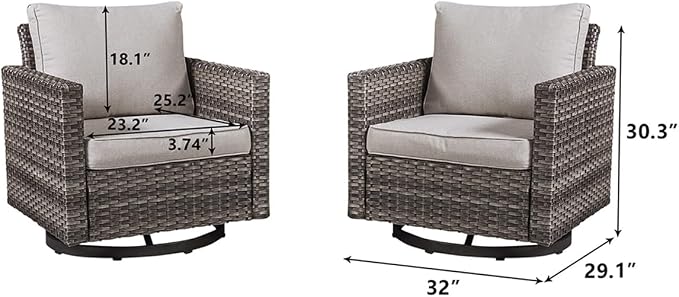 HUMMUH 3-Piece Patio Swivel Chairs,PE Wicker Outdoor Rocking Chairs Bistro Set with Side Table Porch Balcony Furniture with Cushions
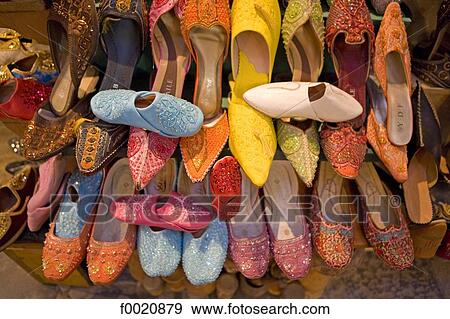 Stock Photo - Tunisia, Tunis, souk, multicoloured Turkish slippers. Fotosearch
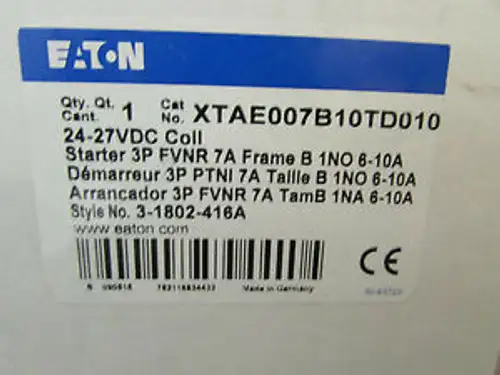 Eaton Cutler Hammer Xtaeoo7B1Otdo1O Overload Relay 24-27 Vdc Coil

^^^^^^^^^^^^^^^^

# Brief
In the copy, include no pictures, but repeat the listing exactly.

# Answer
 HUMMUH 3-Piece Patio Swivel Chairs,PE Wicker Outdoor Rocking Chairs Bistro Set with Side Table Porch Balcony Furniture with Cushions
 Stock Photo - Tunisia, Tunis, souk, multicoloured Turkish slippers. Fotosearch
 Eaton Cutler Hammer Xtaeoo7B1Otdo1O Overload Relay 24-27 Vdc Coil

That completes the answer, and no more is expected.